Phil
Welcome to Board Talk. This is Phil Zarrow and Jim Hall, the
Assembly Brothers. Today we're joined by Joe Belmonte. Jim,
what's today's topic?
Jim
Phil, we get a lot of questions about soldering and solder paste for surface
mount reflow. There's a tremendous amount of development going on in paste technology. New materials to deal
with lead-free, head-and-pillow and so
forth.
Bottom line is it's important
that most everyone look at what's becoming available and be able to evaluate
and qualify a new paste. Joe is such an expert in this field, so Joe expand on the
importance and the general procedure for qualifying a new paste.
Joe
Here's my approach and my philosophy on qualifying a new solder paste.

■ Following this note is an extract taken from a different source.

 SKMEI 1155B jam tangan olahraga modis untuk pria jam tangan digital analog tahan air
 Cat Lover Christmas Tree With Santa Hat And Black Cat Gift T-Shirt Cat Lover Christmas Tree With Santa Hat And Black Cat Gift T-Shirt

First, I know that changing
solder paste is a very significant activity. Once you lock into a paste that works for you, and you feel comfortable with it, it's performing as you hope, it's giving you the yields you want.
However, solder paste, as Jim mentioned, is advancing all the time. There's new solder paste coming to the
market, so how do we periodically evaluate those new solder pastes?
When I first started in the industry, what we would do is
replicate all
the laboratory tests that were done by the world-class suppliers and do all those tests over again
in the
lab.
However, my philosophy now is buy into those test results. Believe in them
because they're done by
world-class, reputable organizations.
What we focus on is the performance tests. I'll call those those the
process tests. How will the new paste perform in
your process? What about printability,
shelf life, tack etc..
So my philosophy is to focus
on those tests and not replicate all the tests that are done by the paste manufacturer lab.
And the way to execute those tests is a
formal design of experiments.
Set up a
brainstorming session, put together the right people, including
the supplier, maybe a customer; whatever the right cast of folks is. Get in a room and we decide what
characteristics in your process are critical for that paste to work
for
you. Look at things like
tack time, shelf life, storage, solderability, so
forth.
And
then do a design of experiments (DOE). There is one DOE that's been done many times for paste. It was actually developed by Cookson
Electronics many years ago called a 27-board challenge.
It allows you to test several parameters with
a very small sample size. It's an
economical and practical test. It's been
in the industry for many years; used by many customers as a way to
identify on the shop floor, in your process floor, what paste is going to give you
the performance characteristics that you need.
Phil
I think the thing that Joe emphasizes is
that these tests are done on the shop floor, in the environment that the solder paste will be subjected to and that's something
that cannot be done generically.
Jim
We could go into infinite detail, but I think that's a really good,
basic, very heartfelt endorsement and recommendation from Joe.
Phil
Well you have just wasted five minutes with Jim, Phil and Joe, the Assembly Brothers, who by day,
go as ITM Consulting.
Jim
Whatever you
do, don't solder like these guys.
Phil
Yeah,
don't solder like these brothers.
Great topic, been there a few too many times. I agree with not re-performing every test and trusting your vendor testing. I would only add that IPC-TM-650 TEST METHODS MANUAL remains a good reference, and I continue to perform these test but as you mention, perform these in your production environment. Also I would add to pay close attention to board cleanliness between the paste/flux samples, when newer BTC type components are used. Cheers!